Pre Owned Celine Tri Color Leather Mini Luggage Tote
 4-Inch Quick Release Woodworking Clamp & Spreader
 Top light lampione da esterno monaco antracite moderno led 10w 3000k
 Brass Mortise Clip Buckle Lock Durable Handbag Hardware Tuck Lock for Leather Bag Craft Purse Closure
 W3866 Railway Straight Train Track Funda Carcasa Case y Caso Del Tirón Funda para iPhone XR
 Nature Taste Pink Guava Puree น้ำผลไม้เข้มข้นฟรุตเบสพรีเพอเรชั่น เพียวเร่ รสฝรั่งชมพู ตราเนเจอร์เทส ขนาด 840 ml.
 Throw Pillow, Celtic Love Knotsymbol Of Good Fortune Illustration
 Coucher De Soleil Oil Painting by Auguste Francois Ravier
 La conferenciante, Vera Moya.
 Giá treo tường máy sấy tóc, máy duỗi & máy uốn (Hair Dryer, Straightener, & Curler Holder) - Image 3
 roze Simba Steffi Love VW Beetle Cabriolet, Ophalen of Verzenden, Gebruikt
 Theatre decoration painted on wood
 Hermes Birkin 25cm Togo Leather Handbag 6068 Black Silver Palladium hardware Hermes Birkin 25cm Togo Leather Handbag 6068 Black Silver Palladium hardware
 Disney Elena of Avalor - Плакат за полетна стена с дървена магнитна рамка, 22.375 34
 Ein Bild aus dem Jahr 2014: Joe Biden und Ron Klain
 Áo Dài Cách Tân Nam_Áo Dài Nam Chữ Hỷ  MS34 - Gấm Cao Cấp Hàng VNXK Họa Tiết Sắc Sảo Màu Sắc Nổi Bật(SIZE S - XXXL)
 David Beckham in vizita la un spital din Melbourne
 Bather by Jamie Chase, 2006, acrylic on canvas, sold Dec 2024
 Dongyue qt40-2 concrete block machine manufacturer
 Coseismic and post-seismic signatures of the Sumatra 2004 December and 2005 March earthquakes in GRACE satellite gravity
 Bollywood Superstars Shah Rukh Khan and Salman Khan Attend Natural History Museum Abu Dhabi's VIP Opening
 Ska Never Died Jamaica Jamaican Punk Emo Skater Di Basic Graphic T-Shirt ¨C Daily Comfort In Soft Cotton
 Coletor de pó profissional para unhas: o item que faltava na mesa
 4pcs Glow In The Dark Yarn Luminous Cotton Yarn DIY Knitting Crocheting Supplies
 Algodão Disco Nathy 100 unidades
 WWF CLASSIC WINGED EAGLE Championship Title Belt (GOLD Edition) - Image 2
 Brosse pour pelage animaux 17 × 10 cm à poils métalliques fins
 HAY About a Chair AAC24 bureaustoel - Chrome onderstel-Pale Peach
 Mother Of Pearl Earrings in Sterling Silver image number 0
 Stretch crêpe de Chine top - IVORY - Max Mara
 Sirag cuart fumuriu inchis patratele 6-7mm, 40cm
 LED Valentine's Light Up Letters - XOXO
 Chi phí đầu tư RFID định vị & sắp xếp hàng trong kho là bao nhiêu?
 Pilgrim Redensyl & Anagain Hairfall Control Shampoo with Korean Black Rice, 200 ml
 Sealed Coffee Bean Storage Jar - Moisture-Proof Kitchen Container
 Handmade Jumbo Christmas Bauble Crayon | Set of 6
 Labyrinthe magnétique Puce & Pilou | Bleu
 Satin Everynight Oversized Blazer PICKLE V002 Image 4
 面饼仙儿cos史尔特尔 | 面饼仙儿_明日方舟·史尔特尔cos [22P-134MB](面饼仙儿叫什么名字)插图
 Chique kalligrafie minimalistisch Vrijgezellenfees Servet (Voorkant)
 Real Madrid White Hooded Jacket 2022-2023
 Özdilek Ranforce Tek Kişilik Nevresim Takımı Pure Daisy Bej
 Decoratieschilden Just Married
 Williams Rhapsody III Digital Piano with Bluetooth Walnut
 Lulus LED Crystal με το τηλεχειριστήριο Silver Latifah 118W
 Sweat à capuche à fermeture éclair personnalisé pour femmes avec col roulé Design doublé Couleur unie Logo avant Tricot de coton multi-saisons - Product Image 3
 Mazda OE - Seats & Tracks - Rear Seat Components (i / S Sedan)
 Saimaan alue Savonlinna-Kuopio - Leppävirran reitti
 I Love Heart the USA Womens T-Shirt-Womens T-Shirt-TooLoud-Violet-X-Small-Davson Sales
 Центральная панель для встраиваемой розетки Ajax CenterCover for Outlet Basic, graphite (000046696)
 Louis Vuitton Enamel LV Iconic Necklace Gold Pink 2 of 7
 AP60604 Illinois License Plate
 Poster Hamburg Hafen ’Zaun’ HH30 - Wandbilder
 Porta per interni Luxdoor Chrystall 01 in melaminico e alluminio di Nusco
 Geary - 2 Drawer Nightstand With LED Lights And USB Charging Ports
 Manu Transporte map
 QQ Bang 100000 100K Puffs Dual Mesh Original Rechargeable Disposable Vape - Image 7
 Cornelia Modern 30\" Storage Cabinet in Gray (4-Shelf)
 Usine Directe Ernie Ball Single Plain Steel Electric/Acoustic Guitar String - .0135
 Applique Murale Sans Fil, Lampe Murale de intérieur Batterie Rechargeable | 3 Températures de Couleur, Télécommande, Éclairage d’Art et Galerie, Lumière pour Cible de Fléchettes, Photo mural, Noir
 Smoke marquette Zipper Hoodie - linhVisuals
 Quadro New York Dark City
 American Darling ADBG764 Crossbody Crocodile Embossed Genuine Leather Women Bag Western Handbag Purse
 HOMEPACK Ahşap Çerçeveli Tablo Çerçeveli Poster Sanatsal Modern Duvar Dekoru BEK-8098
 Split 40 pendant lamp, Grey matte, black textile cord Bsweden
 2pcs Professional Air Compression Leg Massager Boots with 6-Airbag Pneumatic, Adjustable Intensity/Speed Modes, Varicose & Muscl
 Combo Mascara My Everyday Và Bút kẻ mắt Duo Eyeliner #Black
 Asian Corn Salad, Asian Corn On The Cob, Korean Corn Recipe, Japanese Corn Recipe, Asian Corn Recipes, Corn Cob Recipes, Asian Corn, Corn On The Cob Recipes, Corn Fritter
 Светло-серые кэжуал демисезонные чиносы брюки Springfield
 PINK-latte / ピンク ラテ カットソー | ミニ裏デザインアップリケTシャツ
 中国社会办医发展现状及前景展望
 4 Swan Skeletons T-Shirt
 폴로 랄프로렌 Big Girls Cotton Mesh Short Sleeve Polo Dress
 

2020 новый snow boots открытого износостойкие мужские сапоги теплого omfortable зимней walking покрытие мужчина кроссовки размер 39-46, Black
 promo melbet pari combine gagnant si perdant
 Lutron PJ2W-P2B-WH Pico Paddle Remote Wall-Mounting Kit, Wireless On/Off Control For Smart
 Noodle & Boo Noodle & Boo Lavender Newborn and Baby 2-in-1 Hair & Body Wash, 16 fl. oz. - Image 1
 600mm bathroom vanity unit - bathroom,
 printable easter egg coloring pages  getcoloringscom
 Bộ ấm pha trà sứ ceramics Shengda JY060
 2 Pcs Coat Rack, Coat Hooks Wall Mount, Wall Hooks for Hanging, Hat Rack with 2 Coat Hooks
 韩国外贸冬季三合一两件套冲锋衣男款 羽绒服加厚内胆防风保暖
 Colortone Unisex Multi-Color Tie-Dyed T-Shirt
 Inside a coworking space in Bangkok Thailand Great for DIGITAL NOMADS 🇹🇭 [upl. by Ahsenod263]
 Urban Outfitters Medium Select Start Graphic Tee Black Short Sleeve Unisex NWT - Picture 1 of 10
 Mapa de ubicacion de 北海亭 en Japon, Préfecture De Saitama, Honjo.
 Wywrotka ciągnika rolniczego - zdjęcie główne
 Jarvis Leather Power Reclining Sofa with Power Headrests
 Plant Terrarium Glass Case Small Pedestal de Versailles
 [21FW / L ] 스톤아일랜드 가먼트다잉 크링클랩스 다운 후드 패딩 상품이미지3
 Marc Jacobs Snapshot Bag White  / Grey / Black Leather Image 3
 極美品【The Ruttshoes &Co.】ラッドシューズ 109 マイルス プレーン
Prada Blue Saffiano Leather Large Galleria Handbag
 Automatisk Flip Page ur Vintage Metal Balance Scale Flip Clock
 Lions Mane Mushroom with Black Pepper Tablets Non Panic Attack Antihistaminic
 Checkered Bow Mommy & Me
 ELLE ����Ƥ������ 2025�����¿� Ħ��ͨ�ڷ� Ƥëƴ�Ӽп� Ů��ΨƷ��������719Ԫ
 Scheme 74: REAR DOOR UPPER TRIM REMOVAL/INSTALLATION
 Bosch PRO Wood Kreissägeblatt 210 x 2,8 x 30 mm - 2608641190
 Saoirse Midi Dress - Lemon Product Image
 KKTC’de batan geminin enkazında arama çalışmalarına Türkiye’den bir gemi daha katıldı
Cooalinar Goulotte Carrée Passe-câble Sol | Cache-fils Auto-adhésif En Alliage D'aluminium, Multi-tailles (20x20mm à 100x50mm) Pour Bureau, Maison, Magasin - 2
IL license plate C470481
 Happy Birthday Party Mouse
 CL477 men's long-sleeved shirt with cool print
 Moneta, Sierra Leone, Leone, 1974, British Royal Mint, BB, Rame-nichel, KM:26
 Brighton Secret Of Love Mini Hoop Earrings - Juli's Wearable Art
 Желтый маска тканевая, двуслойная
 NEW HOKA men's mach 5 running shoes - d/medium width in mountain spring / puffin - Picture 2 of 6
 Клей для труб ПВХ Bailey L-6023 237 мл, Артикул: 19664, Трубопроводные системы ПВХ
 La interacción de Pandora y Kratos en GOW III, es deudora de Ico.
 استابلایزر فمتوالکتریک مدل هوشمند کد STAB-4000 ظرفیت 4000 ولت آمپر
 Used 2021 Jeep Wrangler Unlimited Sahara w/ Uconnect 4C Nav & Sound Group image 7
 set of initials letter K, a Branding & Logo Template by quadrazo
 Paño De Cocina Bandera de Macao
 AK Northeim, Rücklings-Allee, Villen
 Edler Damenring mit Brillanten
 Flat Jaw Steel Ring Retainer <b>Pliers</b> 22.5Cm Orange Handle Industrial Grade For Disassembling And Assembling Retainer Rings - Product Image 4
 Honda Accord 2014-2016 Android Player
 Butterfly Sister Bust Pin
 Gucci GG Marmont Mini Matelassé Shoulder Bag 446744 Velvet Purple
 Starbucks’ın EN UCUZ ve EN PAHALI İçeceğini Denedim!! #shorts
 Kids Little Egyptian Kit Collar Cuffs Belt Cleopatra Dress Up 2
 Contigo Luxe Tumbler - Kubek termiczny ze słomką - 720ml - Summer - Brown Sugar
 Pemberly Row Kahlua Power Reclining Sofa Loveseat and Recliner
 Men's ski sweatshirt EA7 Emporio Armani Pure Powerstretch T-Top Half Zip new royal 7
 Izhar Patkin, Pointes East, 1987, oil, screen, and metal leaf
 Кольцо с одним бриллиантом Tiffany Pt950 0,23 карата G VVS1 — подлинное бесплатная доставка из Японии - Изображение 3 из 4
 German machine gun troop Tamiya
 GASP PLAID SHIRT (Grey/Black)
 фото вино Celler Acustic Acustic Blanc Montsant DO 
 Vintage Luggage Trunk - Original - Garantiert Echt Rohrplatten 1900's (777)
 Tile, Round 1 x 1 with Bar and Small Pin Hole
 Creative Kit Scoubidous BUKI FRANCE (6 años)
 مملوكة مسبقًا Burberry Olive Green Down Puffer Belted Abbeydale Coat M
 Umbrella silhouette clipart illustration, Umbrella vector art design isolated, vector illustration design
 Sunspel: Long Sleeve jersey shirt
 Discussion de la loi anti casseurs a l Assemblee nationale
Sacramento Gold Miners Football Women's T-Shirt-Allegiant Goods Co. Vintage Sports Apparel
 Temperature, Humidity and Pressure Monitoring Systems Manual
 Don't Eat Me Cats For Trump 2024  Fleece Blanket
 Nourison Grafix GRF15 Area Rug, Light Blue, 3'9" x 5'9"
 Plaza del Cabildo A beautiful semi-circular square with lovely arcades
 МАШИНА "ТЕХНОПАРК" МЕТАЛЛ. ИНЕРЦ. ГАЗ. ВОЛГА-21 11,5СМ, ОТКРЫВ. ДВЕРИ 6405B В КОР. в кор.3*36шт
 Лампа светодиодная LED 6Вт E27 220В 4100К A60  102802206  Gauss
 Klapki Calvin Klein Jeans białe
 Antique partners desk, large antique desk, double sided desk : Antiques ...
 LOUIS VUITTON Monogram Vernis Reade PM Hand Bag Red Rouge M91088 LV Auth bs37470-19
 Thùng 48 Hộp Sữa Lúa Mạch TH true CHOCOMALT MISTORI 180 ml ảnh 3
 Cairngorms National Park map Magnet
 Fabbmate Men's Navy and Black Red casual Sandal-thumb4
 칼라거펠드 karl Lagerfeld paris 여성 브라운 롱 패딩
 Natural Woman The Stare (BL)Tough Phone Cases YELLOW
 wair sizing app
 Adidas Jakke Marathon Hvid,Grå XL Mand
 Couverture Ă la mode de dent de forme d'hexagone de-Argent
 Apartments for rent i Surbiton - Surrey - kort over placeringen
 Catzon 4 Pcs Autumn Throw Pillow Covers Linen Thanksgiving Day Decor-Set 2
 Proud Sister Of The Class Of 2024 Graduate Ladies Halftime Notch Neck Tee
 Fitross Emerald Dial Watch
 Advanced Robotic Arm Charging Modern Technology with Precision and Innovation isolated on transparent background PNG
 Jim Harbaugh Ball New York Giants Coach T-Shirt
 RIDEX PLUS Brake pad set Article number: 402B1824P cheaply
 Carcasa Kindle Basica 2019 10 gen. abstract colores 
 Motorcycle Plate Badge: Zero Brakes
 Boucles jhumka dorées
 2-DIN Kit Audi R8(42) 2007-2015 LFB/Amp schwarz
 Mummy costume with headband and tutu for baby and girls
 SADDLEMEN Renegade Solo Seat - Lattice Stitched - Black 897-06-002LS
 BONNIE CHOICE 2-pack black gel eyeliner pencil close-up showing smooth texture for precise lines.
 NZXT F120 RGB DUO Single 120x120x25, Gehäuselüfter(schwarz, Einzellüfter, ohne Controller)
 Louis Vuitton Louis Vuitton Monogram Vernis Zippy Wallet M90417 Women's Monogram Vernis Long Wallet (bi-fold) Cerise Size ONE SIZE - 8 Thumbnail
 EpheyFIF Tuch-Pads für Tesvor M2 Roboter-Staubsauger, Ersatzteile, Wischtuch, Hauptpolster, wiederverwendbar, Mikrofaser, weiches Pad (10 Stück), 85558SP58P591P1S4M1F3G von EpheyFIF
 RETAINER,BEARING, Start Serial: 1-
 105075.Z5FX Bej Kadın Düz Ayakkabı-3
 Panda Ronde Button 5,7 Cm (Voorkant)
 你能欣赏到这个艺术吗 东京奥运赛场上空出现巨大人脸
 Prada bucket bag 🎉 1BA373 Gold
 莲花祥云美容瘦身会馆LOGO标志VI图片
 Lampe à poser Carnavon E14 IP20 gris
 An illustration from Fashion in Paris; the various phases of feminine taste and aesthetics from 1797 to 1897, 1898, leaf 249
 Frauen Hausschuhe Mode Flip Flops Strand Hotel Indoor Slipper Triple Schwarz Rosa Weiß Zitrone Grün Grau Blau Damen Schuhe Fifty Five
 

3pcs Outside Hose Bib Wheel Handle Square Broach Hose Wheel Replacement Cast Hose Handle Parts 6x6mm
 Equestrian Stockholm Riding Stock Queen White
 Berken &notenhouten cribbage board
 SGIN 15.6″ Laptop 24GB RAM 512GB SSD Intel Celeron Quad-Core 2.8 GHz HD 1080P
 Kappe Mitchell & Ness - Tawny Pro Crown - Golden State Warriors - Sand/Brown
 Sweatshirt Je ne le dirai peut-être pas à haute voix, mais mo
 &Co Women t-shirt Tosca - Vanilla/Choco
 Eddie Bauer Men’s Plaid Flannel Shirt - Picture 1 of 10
· · ·
Directions
Nothing but the lines from the one with "Sweatshirt Je ne" through the final line of the records above should appear, each copied exactly.

Written answer
 Sweatshirt Je ne le dirai peut-être pas à haute voix, mais mo
 &Co Women t-shirt Tosca - Vanilla/Choco
 Eddie Bauer Men’s Plaid Flannel Shirt - Picture 1 of 10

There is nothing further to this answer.